Safety (matches the harness rules for outward-facing actions):
- Every command printed before execution; `y` gate unless `--yes`.
- Secrets never in argv or shell history.
- `--generate-only` is the default; `--apply` is explicit.

## Namespace migration: `DEEPSEEK_*` → `CODEWHALE_*`

Follow the convention already in `crates/config/src/lib.rs`: **read
`CODEWHALE_X` first, fall back to `DEEPSEEK_X`.** Nothing breaks for existing
deployments.

Touch list:
1. **Bridges** (`integrations/feishu-bridge`, `integrations/telegram-bridge`):
   in `lib.mjs`/`index.mjs`, read `process.env.CODEWHALE_X ?? process.env.DEEPSEEK_X`
   for `RUNTIME_URL`, `RUNTIME_TOKEN`, `WORKSPACE`, `MODEL`, `MODE`, `ALLOW_SHELL`,
   `TRUST_MODE`, `AUTO_APPROVE`, `CHAT_ALLOWLIST`, `ALLOW_UNLISTED`, `TURN_TIMEOUT_MS`.
   Validators accept either; templates emit `CODEWHALE_*`.
2. **Deploy units** (`deploy/tencent-lighthouse/systemd/*`,
   `integrations/*/deploy/*`): `DEEPSEEK_RUNTIME_*` → `CODEWHALE_RUNTIME_*`,
   env file paths `/etc/deepseek/` → `/etc/codewhale/` (keep reading the old path
   if present).
3. **`.env.example` files + `config.example.toml`**: lead with `CODEWHALE_*`,
   document `DEEPSEEK_*` as legacy aliases.
4. **Drop DeepSeek-shaped defaults** in the bridge: no hardcoded
   `DEEPSEEK_MODEL=auto`; the provider lives in `runtime.env` via
   `CODEWHALE_PROVIDER` + the registry's key var.

Note: items 1–3 touch **tracked** files, so they are part of the same
"don't ship during 0.8.48" hold. The brand-new (untracked) Telegram bridge can
be converted to `CODEWHALE_*` first as the reference implementation.

## Tests

- `registry.rs`: every `CloudTarget`/`BridgeSpec` slug is unique; each bridge's
  `package_dir`/`service_unit`/`env_template` exists.
- `bundle.rs`: rendering a bundle for each cloud×bridge×provider triple produces
  files with `CODEWHALE_*` keys, a matching runtime/bridge token, and a non-empty
  RUNBOOK.
- `provision`: `plan()` returns the expected ordered steps; **commands are built
  but never executed** in tests (assert on program+args, secrets redacted).

## Extensibility check

- Add **GCP**: one `CloudTarget` row + a `provision/gcp.rs` + a cloud-init reuse.
- Add **Slack**: one `BridgeSpec` row + `integrations/slack-bridge` + template.
No changes to the wizard control flow — it iterates the registries.

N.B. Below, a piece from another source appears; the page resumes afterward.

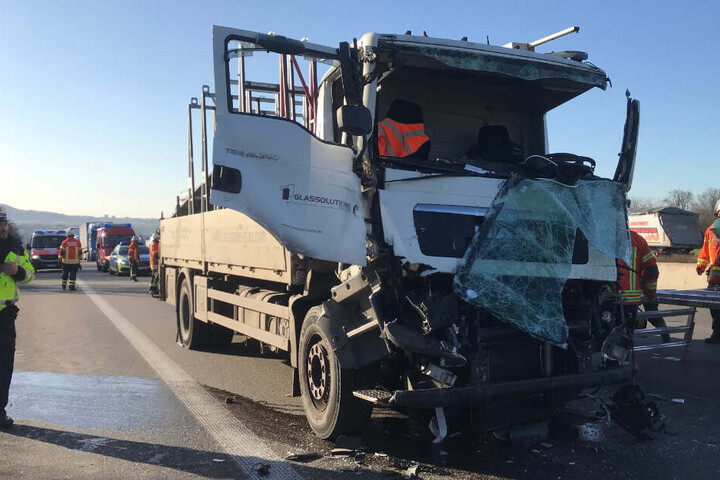 Die Feuerwehr musste den eingeklemmten Lkw-Fahrer aus seinem Führerhaus befreien.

## Suggested sequencing (given the 0.8.48 freeze)

1. **Now (safe, untracked):** convert the new Telegram bridge to `CODEWHALE_* ??
   DEEPSEEK_*`; finalize this design.
2. **Post-0.8.48, branch:** namespace migration on tracked bridges + deploy units.
3. **Then:** implement `remote-setup` (registry → bundle → Azure provisioner →
   Lighthouse provisioner), generate-only first, `--apply` second.